▶ _INFORMATION PROVIDED_
####################

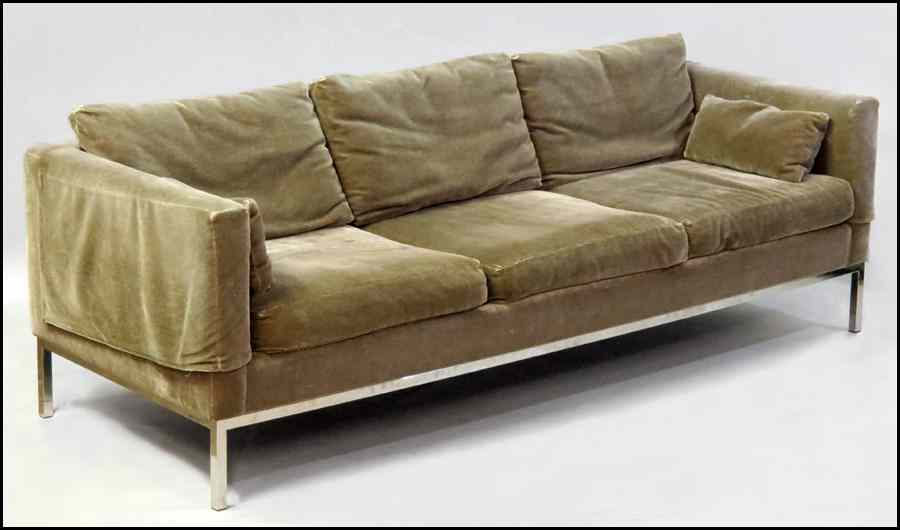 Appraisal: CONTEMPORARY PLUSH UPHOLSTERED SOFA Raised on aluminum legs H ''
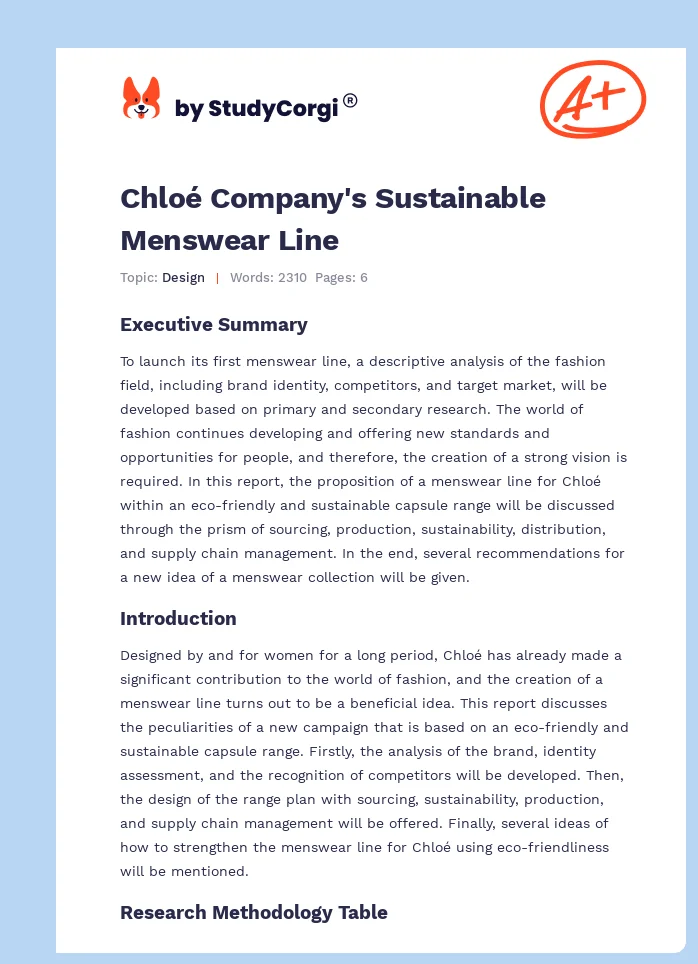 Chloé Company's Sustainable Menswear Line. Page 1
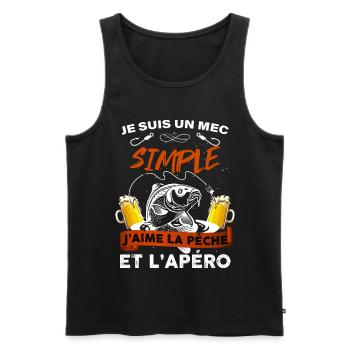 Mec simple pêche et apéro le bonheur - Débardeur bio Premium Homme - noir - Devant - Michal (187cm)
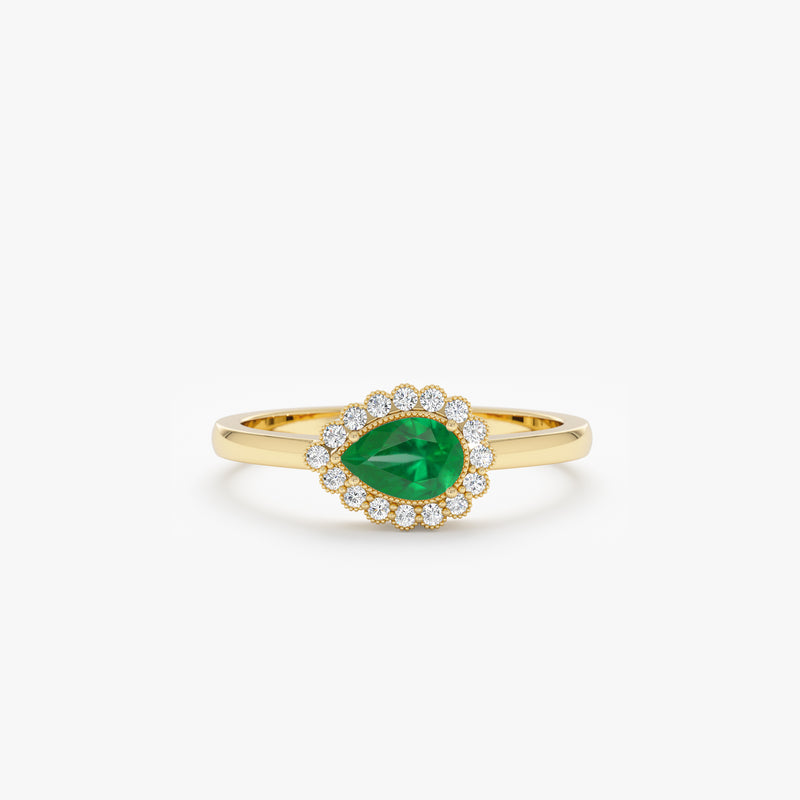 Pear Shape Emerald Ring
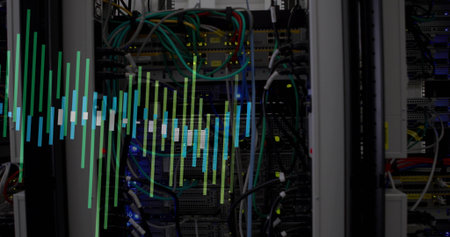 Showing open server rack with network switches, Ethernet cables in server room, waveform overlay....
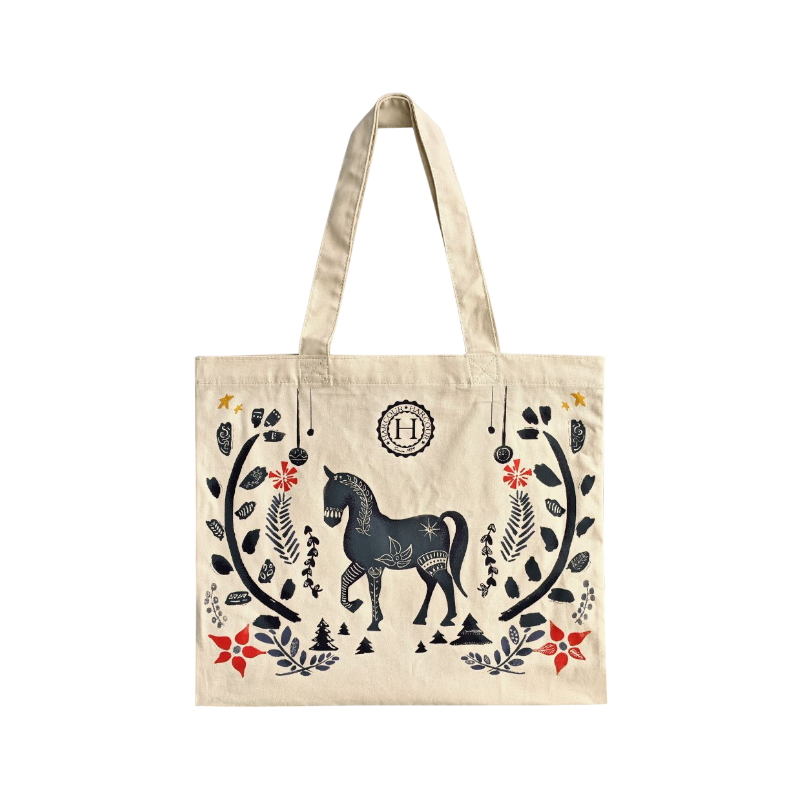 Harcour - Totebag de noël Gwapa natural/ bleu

####################

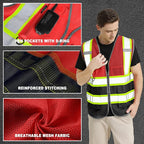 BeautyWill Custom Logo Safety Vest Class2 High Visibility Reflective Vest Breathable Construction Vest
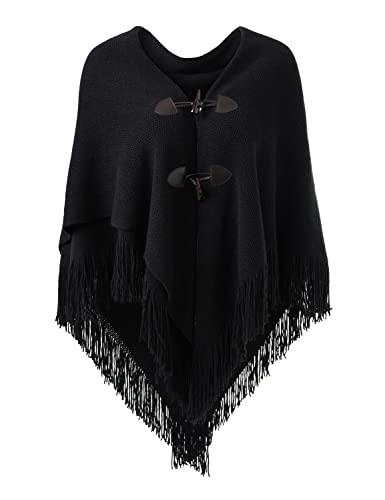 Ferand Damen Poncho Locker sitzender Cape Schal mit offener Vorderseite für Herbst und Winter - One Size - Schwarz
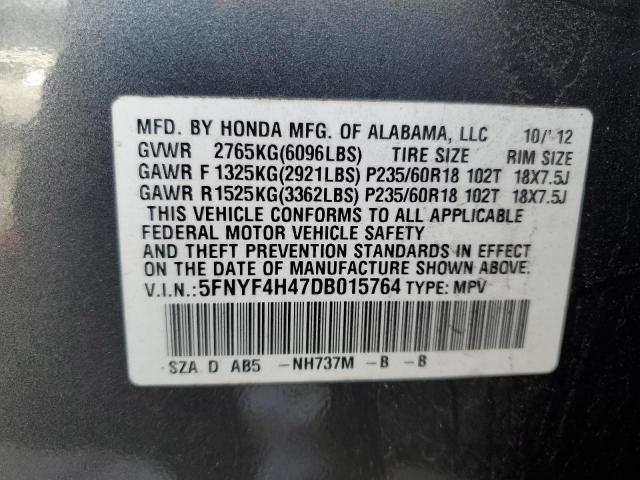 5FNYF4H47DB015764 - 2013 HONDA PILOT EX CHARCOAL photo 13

####################

Reproduce the listing above only between the lines holding "Appraisal: CONTEMPORARY PLUSH" and "Harcour - Totebag", inclusive. Every line must match exactly, and pictures are dropped.

▶ _ANSWER TO THIS TASK_
 Appraisal: CONTEMPORARY PLUSH UPHOLSTERED SOFA Raised on aluminum legs H ''
 Chloé Company's Sustainable Menswear Line. Page 1
 Mec simple pêche et apéro le bonheur - Débardeur bio Premium Homme - noir - Devant - Michal (187cm)
 Pear Shape Emerald Ring
 Showing open server rack with network switches, Ethernet cables in server room, waveform overlay....
 Harcour - Totebag de noël Gwapa natural/ bleu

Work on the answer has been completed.